**What the task requires:**
Each entry below is to be written out exactly, and the pictures are to be left out.

─── Exercise material

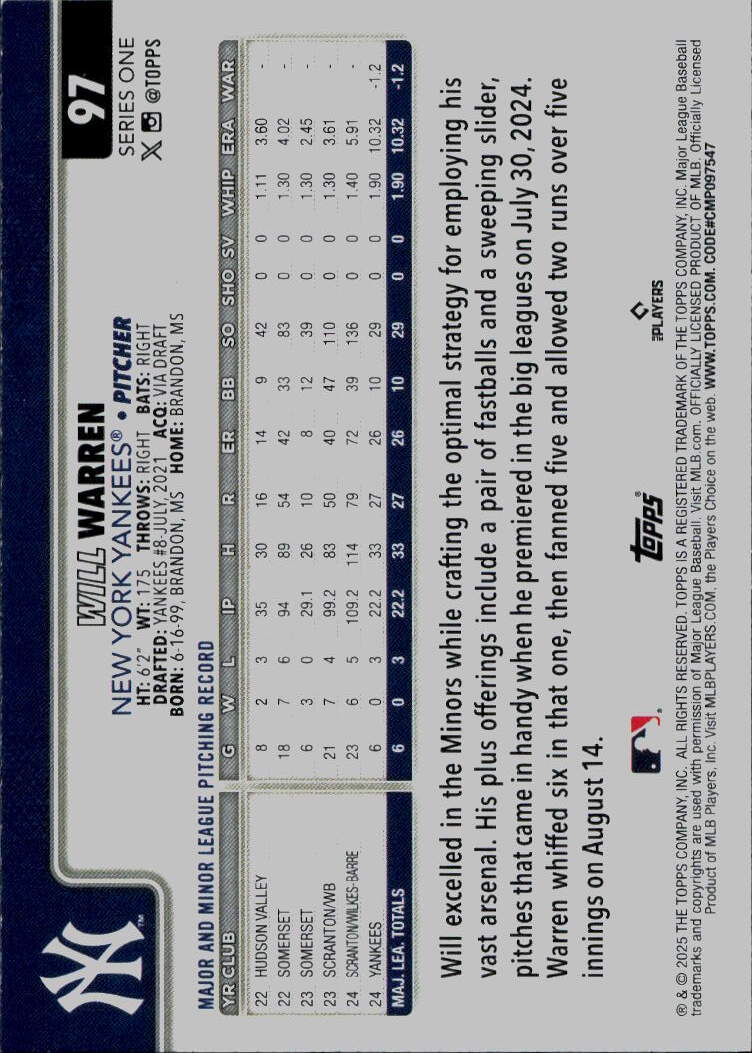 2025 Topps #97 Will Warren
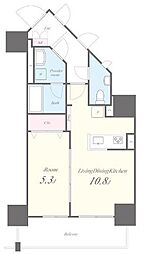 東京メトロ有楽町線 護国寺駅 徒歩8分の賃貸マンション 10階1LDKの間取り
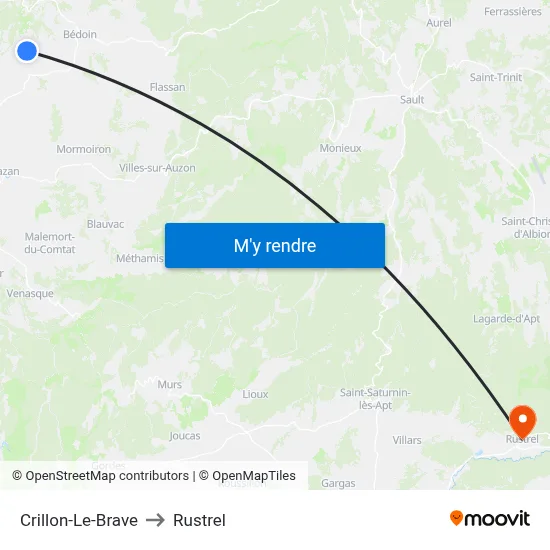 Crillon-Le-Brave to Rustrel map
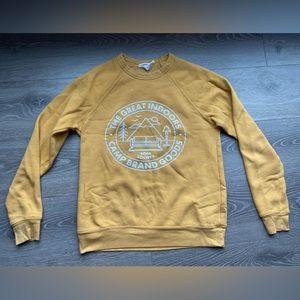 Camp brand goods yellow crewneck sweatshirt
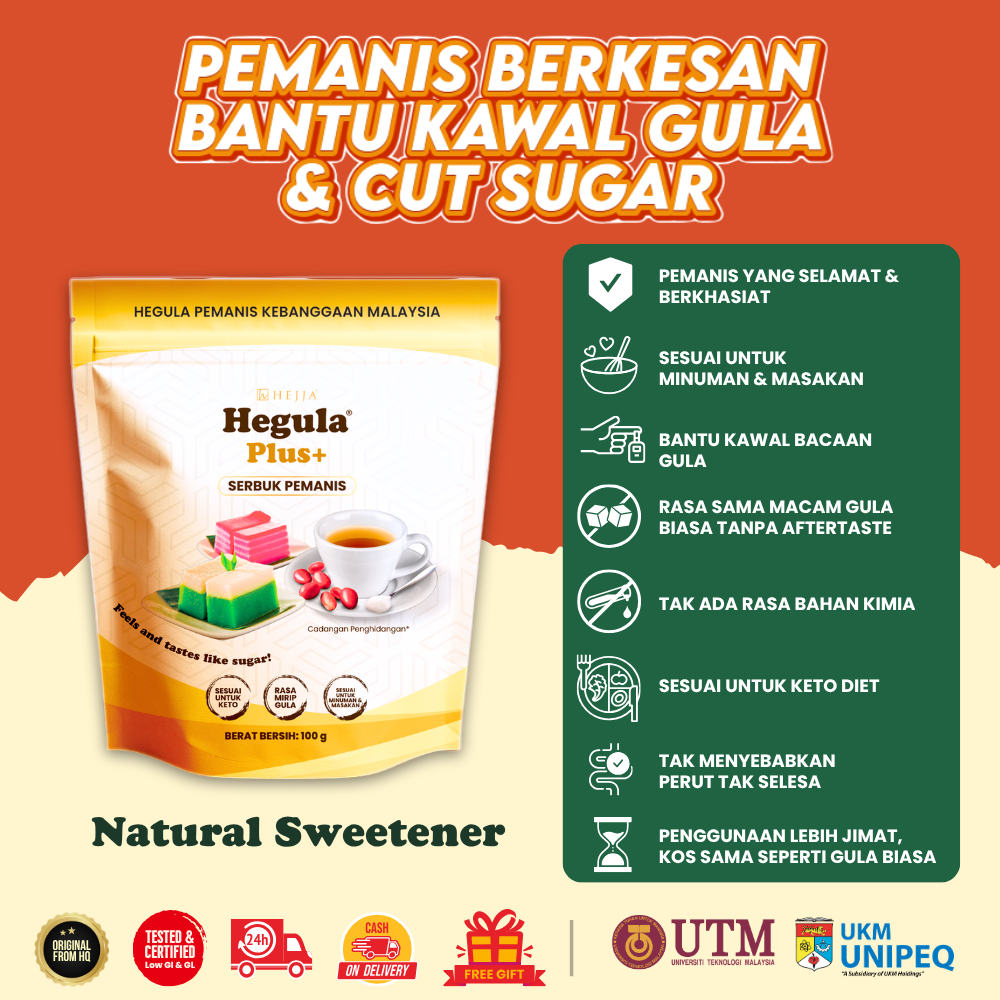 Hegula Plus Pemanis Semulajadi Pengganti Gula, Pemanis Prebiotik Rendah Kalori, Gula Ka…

──────

**Task answer:**
 2025 Topps #97 Will Warren
 東京メトロ有楽町線 護国寺駅 徒歩8分の賃貸マンション 10階1LDKの間取り
 Crillon-Le-Brave to Rustrel map
 Camp brand goods yellow crewneck sweatshirt
 Hegula Plus Pemanis Semulajadi Pengganti Gula, Pemanis Prebiotik Rendah Kalori, Gula Ka…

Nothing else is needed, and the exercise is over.